THE NAMES of Ibrahima Bakayoko, Nii Lamptey, Tommy Svindal Larsson, Kennedy Bakircioglü and Andri Sigporsson will always be remembered by men of a certain generation.

They were star players in the world of Championship Manager, an engrossing football management computer game from the 90s.

World beaters on the PC monitor, distinctly average on grass.

But it the virtues of a certain Niclas Alexandersson – a pretty ordinary Swede when he played for Sheffield Wednesday and Everton – are becoming increasingly important in the world of rugby.

He could be snapped up from Gothenburg for a pretty reasonable fee and not only that, he had the ability to play D/M/F, RLC.

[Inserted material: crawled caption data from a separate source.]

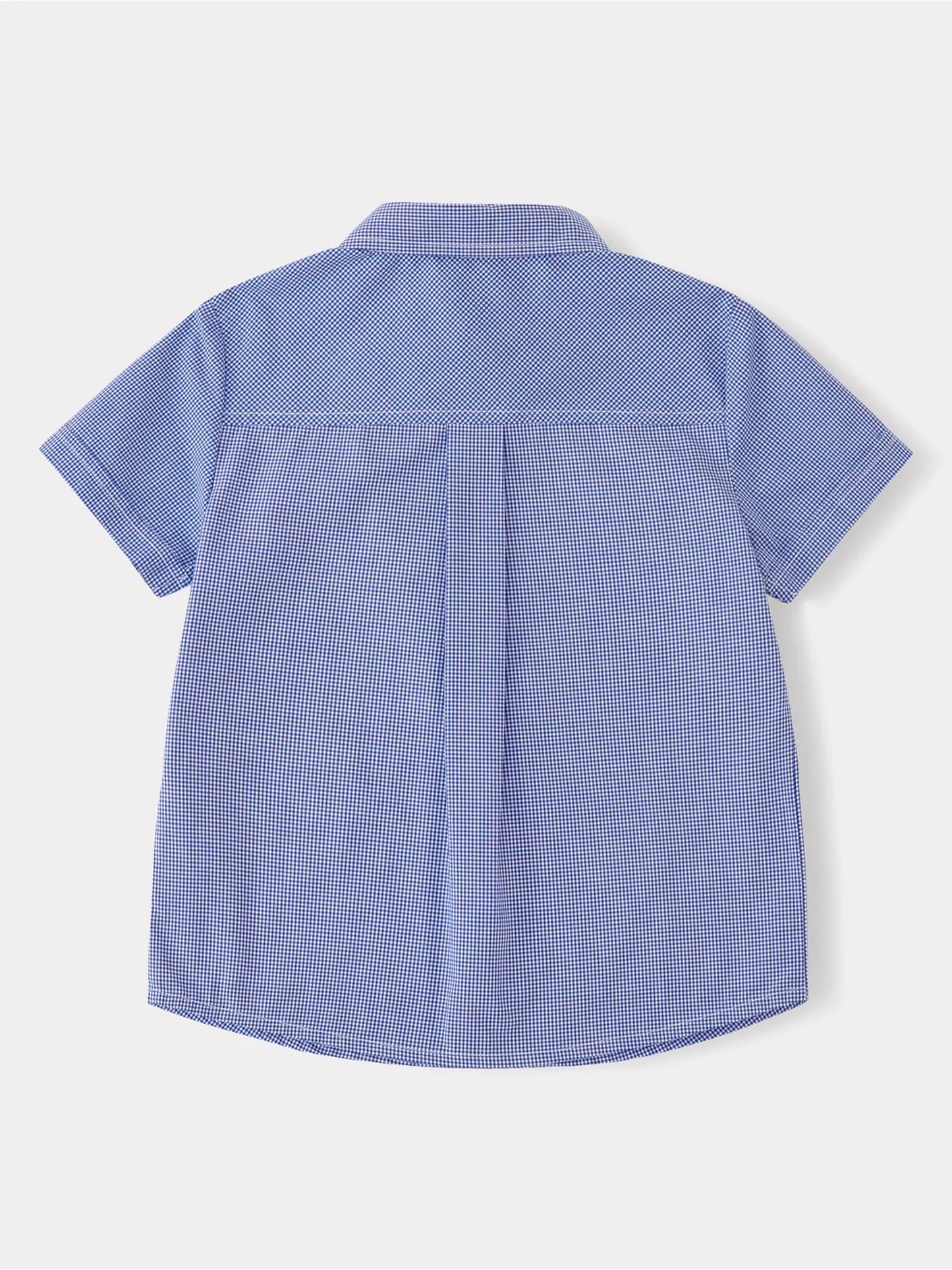 Kids Gingham Short Sleeve Button‑Up Shirt with Patch Embroidery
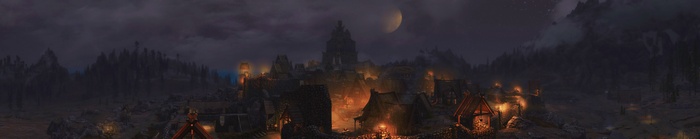 The Elder Scrolls V: Skyrim medieval village at night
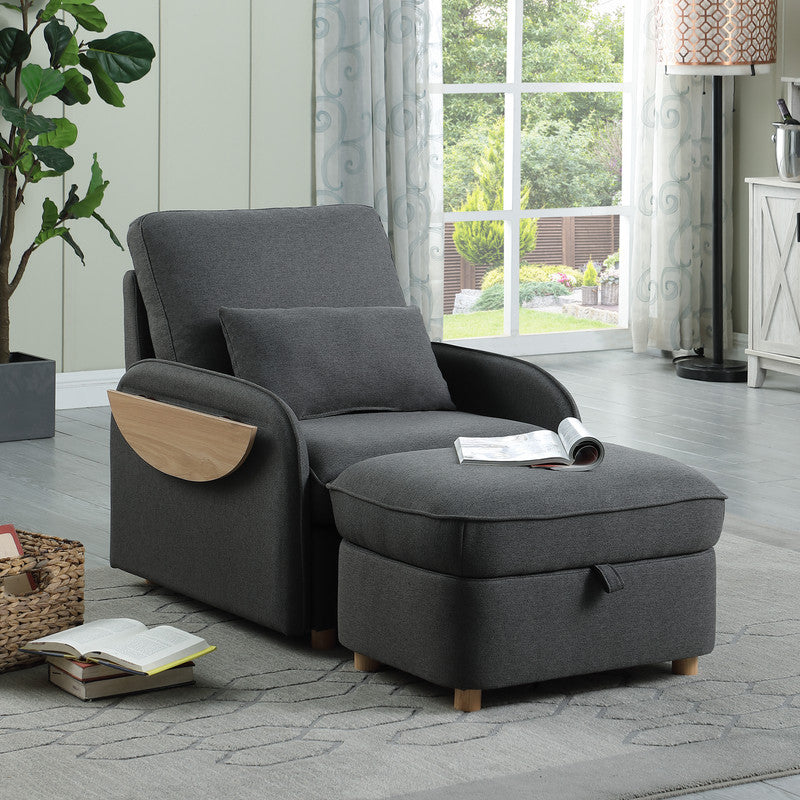 Huckleberry Dark Gray Linen Accent Chair with Storage Ottoman and Folding Side Table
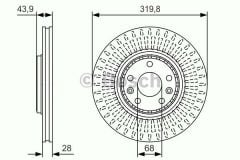 ÖN FREN AYNASI RENAULT GRAND SCENIC III 09 GRAND SCENIC IV 16 LAGUNA III 07 15 LATITUDE 11 MEGANE III 09 MEGANE IV 15 MEGANE E TECH 23 320x28x5 DELİK HAVA KANALLI-BOSCH 0986479552-402060003R-402061792R-402064155R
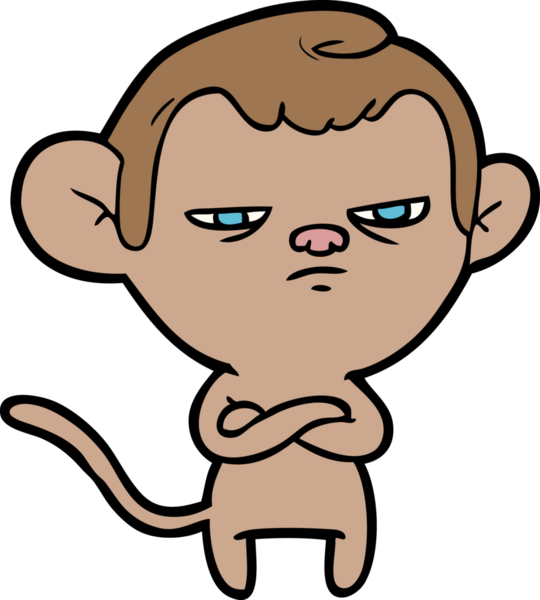 Bir insan tarafından çizilmiş çizgi maymun.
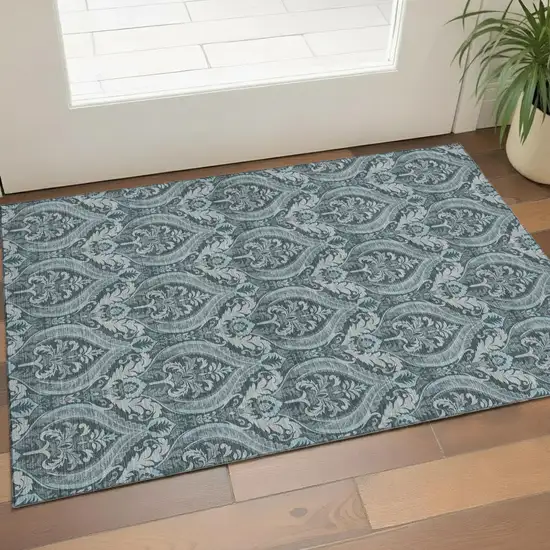 Teal And Ivory Floral Washable Area Rug With UV Protection Photo 1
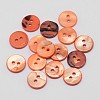 2-Hole Natural Dyed Shell Flat Round Buttons BUTT-P012-01-1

Those that ventured out into the sunlight rather than pretending to be ‘the gaffer’ might need that explaining – he could play in defence, midfield or attack on the right, left or centre.

Back in the real world, such versatility is like gold dust to rugby coaches operating with tight budgets.

Squad numbers have been cut in these austere times and Swiss army knife players like Jevon Groves, Lewis Evans, Andrew Coombs, Andrew Hughes and Dan Evans are invaluable to Newport Gwent Dragons.

The ability to play another position or more is so important and players are increasingly being asked to add more strings to their bow.

In the last Six Nations Wales featured lock/blindside Aaron Shingler at openside in the absence of Sam Warburton and Justin Tipuric while George North could soon be unleashed from midfield as well as the wing.

All players are motivated by the desire to be thrown the same jersey week in, week out.

It used to be the way that those blessed with versatility were recipients of sympathy as they were shifted from position to position.

But being a jack of all trades is certainly no longer a hindrance. In fact, it’s a major plus in a sport where contracts are increasingly hard to earn.